---------- RECORDS TO PROCESS ----------

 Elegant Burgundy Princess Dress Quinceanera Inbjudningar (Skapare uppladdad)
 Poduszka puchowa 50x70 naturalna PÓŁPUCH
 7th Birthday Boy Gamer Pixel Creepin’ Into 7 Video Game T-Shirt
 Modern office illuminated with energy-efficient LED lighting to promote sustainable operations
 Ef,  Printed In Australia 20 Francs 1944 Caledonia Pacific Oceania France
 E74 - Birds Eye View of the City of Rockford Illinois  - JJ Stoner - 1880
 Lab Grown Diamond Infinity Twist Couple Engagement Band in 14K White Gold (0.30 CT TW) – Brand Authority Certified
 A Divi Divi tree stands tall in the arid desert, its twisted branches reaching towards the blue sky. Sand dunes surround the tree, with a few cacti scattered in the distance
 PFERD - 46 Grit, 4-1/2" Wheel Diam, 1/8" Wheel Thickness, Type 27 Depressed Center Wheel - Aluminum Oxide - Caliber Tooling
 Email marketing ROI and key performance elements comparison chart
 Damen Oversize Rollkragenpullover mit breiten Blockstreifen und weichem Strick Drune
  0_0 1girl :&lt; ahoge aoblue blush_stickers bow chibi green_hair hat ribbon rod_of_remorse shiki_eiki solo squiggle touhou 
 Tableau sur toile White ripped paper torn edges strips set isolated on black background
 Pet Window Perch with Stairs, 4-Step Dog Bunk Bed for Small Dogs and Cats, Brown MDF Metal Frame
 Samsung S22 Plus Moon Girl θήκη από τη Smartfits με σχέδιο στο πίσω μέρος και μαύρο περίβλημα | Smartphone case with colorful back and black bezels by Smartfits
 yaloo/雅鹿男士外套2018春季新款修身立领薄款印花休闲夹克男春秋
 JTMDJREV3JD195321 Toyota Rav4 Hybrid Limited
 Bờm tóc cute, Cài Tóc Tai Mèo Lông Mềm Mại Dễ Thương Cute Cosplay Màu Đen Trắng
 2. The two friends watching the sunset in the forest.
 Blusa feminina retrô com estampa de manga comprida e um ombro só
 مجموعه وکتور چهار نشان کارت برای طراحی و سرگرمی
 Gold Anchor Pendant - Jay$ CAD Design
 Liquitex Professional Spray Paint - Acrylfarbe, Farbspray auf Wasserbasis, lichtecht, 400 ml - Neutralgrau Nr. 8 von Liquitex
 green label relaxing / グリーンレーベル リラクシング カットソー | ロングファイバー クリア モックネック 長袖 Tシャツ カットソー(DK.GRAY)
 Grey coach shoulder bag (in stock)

----------

TASK TO COMPLETE:
Retype only the lines above between the line with "Poduszka puchowa 50x70 naturalna PÓŁPUCH" and the line with "Pet Window Perch", counting those two lines as well, and keep every character as it is.

COMPLETED TASK:
 Poduszka puchowa 50x70 naturalna PÓŁPUCH
 7th Birthday Boy Gamer Pixel Creepin’ Into 7 Video Game T-Shirt
 Modern office illuminated with energy-efficient LED lighting to promote sustainable operations
 Ef,  Printed In Australia 20 Francs 1944 Caledonia Pacific Oceania France
 E74 - Birds Eye View of the City of Rockford Illinois  - JJ Stoner - 1880
 Lab Grown Diamond Infinity Twist Couple Engagement Band in 14K White Gold (0.30 CT TW) – Brand Authority Certified
 A Divi Divi tree stands tall in the arid desert, its twisted branches reaching towards the blue sky. Sand dunes surround the tree, with a few cacti scattered in the distance
 PFERD - 46 Grit, 4-1/2" Wheel Diam, 1/8" Wheel Thickness, Type 27 Depressed Center Wheel - Aluminum Oxide - Caliber Tooling
 Email marketing ROI and key performance elements comparison chart
 Damen Oversize Rollkragenpullover mit breiten Blockstreifen und weichem Strick Drune
  0_0 1girl :&lt; ahoge aoblue blush_stickers bow chibi green_hair hat ribbon rod_of_remorse shiki_eiki solo squiggle touhou 
 Tableau sur toile White ripped paper torn edges strips set isolated on black background
 Pet Window Perch with Stairs, 4-Step Dog Bunk Bed for Small Dogs and Cats, Brown MDF Metal Frame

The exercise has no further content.